Isn't it strange how the new year discombobulates everything-how somewhere in the transition from gift-wrapping to going back to school, you lose your owner's manual? Important line items from the family calendar go unnoticed, apps disappear from your i-phone, you discontinue your flossing membership, and then...one night in late January, you wake up in a cold sweat, remembering...YOUR BLOG! Is it just me, or does Christmas feel like forever ago and yesterday all at once? And what have I been doing since then? I'm pretty sure I didn't make any resolutions, but...I've must have been up to something. Now, for my over-achieving readers, those who own Tupperware designed for storing wreaths, y'all can go ahead and stop reading now-because the remainder of this post may cause you to break out in hives. But then again, it's Monday-you're not reading blogs! You're on treadmills with built-in crockpots, returning phone calls in alphabetical order.
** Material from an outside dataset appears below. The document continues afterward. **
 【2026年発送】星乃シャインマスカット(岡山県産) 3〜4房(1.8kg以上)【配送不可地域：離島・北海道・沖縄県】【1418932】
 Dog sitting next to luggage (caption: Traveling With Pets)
Yesterday, after the children had been bedded down for the evening with more stories than really necessary, along with lullabies sung from the stairwell, and two goodnight gummy huevos rancheros saved from the stocking loot pile, I sat down with my sweet husband and said that people, since the beginning of circus-kind, have referenced balls in the air as a way to express their industry, or zeal, as in, "Man, I gotalotta balls in the air right now", after which everyone usually nods conspiratorially. Except for me. You see, I come from a line of jugglers. And by line, I mean my father can juggle to beat the band, and he used to, on occasion, drive a clown car. He also had an awesome Afro wig that I liked to wear with my grass skirt and kukui nut necklace, but that's another story. My point is, I can't juggle. And I have tried. Once, in college, while enrolled in a Kinesiology course, I completed a project on juggling, specifically juggling practice and its psychological relationship to performance in the sport. I had an ENTIRE semester's worth of time and microfiche to develop a teaching method, practice schedule, and, ideally, a knock-out juggling routine. Well, forget flash, or ball cascade-I never made it to the exchange. Stuck on "throw and catch", I was. With two balls. I'm sure they have a name for this kind of temperament, and yes, that's helpful, but for purposes of one-upping all those busy jugglers who've so deftly managed to keep their globes in the air, allow me to wallow, if only for a moment. My balls are on the ground, at my feet. I tossed them and they fell--no, I dropped them, or didn't see them coming, and, then, out of nowhere,while I was wondering what to do about all the balls, I think some more fell from the sky. And now I'm in a ball pit at Chuck E. Cheese, and I'm 32 years old and I don't have enough tickets for even the smallest of kazoos. Shoot.
I suppose that understanding this has inherent value. Like, I know that when I write, I can't listen to music with lyrics, even though I REALLy want to, because the part of my brain that churns out words will get hung up on the song, and the singer, and how maybe I should download this from iTunes, or how that one time, when I was making a mix-tape in high school and I put this song on special and then I couldn't get it to record and I was late for school for the LAST time and had to come in on Saturday and clean with the custodians. And how weird it was that they gave me a pink feather duster, and then I'll think, hey, whatever happened to that janitor....and then, something will snap me back to reality and I'll finish my train of thought, but, having lost some momentum, I'll probably have to delete a few lines. Basically, that book, If You Give a Mouse a Cookie, is my life. I mean, let's just get it out there: Laura Numeroff is only a few editions away from If You Give a Mouse a Ritalin, which, trust me, will seem quite abbreviated. The mouse will get the drugs and immediately start cleaning your tub grout with a bleach-soaked Q-tip, the end. And I, eventually, will hunker down, like always, and start checking things off, taking twice as long to do half as much because every time the phone rings or dryer buzzes, each rustle of a branch against the window or car turning in the cul-de-sac arrests my attention in its tracks. I know, I sound crazy-but to be clear, I don't need special considerations or pats on the head. I just need to know myself, and I do. And what is this website, if not an insight into my soul? All this to say, yes, transition has upended me again, again, but there will always be distractions, and duties, and my desire has stopped being for these things to be airborne, for me to be an acrobat with a blue ribbon in beguiling my DayTimer. Instead of juggling my way out of the pit, I can wade through the mess of colors, root through the pile for what's essential, and carry it in my arms. Blog post-check.